The excitement showed clear on the face of Maria Reyes, 11, who sported a new helmet with her name printed on the side. Her last bike, after all, got run over by a car.
“This one’s really good,” she said, flipping down the kickstand. “I like to keep it steady.”
Her prize came through National Build-a-Bike Day, an event put on by Golden State Foods, a global company with a distribution center in Garner. For the second year, GSF handed out several hundred bikes to kids from Boys and Girls Clubs across the country.

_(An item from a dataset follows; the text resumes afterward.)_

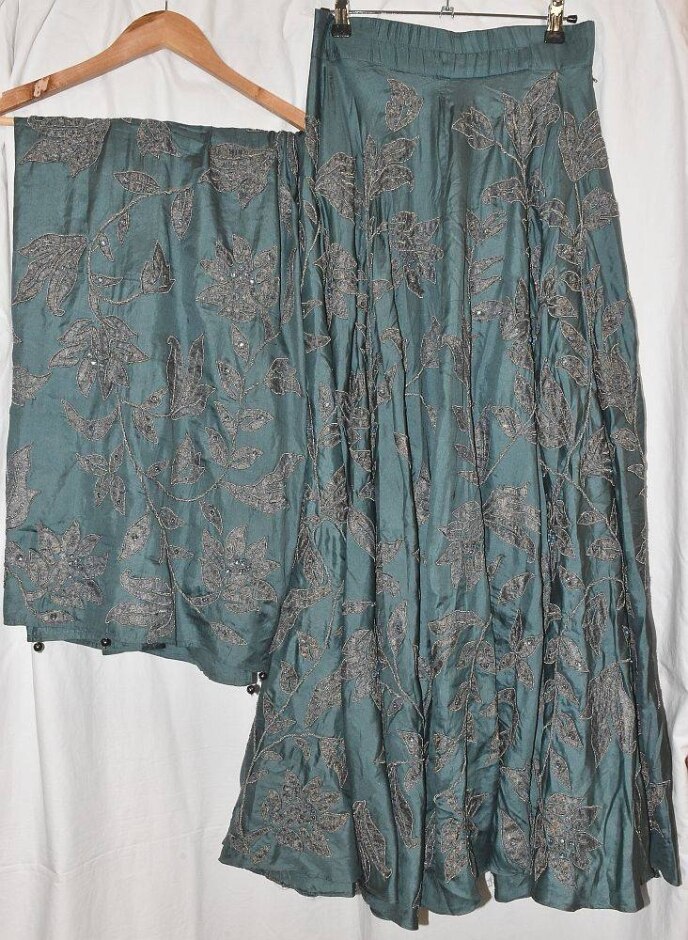 Unbranded Lehenga & Dupatta Teal Size: S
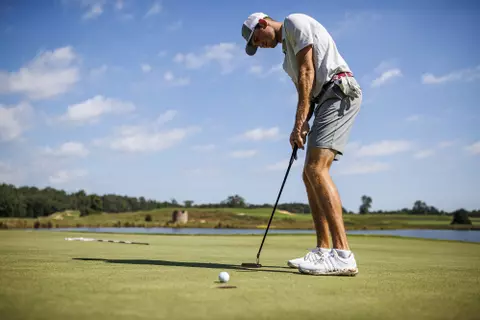 WEST POINT, MS - August 31, 2022 - Mississippi State's Ford Clegg during a practice round at Mossy Oak Golf Club in West Point, MS. Photo By Kevin Snyder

The bikes came packed in crates, some assembly required, and the kids gathered at a Penske Truck Rental lot to wrestle them into one piece. Mentors assisted where needed.
“They get to put the pedals and the seats on, and the handlebars on,” said Jim Brooks, general manager for GSF in Garner. “It gives them a sense of ownership. This is their bike. They built it.”
Kids from six local Boys and Girls Clubs in Wake County got chosen to take home a bike, said clubs Vice President Hugh McLean.
Criteria for being one of the chosen 25 included good behavior and grades. “Kids you’d like to see have a bike,” McLean said. “And this way, they get a little skin in the game. Kids get some tools in their hands.”
The gift saw many kids on Saturday wobbling around the parking lot, knees and elbows flying, crashing and remounting, helpers jogging along behind them. No matter if you’re 6 or 11, you’ve got to resist dropping your feet and master the pedal brake.
If they’d had a bike before, many of the kids were nursing old wounds over losing them. Reyes lost hers when she left it at the side of the road.
Leslie Zoya, 7, lost her old bike to heartlessness.
“It got stolen,” she said. “It was outside because it had mud on the wheels.”
Her new bike came equipped with a combination lock, which she practiced Saturday between rides, foiling future thieves.
Boys and Girls Clubs provide after-school and summer programs that focus on healthy living, academic help and character building. Its seven clubs countywide, including a teen center, serve more than 4,700 members and target the underprivileged.
Zoya and Reyes, who both attend Washington GT Magnet Elementary School in Raleigh, called the project a snap. A little sweat doesn’t matter with a new bike when it’s finished.
“I got to use the screwdriver,” Reyes said. “It was easy since I got help.”